→ **Task details**
Below are some records; output exactly the lines from the line with "Skipton Travel Poster" to the line with "Gucci Star Waist", both ends kept, and nothing more.

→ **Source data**

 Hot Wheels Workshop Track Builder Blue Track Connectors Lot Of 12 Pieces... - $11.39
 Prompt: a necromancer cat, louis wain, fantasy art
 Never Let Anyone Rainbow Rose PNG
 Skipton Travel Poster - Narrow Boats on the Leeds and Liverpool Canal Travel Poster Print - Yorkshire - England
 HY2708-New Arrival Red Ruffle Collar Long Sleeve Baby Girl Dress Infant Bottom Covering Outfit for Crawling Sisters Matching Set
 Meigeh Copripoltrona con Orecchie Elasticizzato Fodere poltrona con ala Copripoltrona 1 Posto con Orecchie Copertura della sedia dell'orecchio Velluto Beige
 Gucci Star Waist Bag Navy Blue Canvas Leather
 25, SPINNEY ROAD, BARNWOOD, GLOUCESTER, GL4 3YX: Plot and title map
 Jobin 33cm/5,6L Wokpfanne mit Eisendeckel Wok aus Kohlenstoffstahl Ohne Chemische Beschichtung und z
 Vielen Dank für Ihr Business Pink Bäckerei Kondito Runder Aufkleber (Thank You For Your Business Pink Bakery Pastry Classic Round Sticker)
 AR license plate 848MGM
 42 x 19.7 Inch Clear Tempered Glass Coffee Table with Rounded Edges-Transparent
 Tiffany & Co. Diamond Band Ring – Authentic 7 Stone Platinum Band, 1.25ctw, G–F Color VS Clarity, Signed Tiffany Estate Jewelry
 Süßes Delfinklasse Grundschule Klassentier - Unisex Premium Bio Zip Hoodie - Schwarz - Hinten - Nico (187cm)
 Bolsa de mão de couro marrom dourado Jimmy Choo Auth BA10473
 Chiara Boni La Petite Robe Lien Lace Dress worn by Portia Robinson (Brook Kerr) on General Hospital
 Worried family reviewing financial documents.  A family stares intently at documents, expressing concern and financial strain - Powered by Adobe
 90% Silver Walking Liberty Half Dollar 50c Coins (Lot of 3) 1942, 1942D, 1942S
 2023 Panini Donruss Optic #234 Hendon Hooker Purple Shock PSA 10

→ **Completed task**
 Skipton Travel Poster - Narrow Boats on the Leeds and Liverpool Canal Travel Poster Print - Yorkshire - England
 HY2708-New Arrival Red Ruffle Collar Long Sleeve Baby Girl Dress Infant Bottom Covering Outfit for Crawling Sisters Matching Set
 Meigeh Copripoltrona con Orecchie Elasticizzato Fodere poltrona con ala Copripoltrona 1 Posto con Orecchie Copertura della sedia dell'orecchio Velluto Beige
 Gucci Star Waist Bag Navy Blue Canvas Leather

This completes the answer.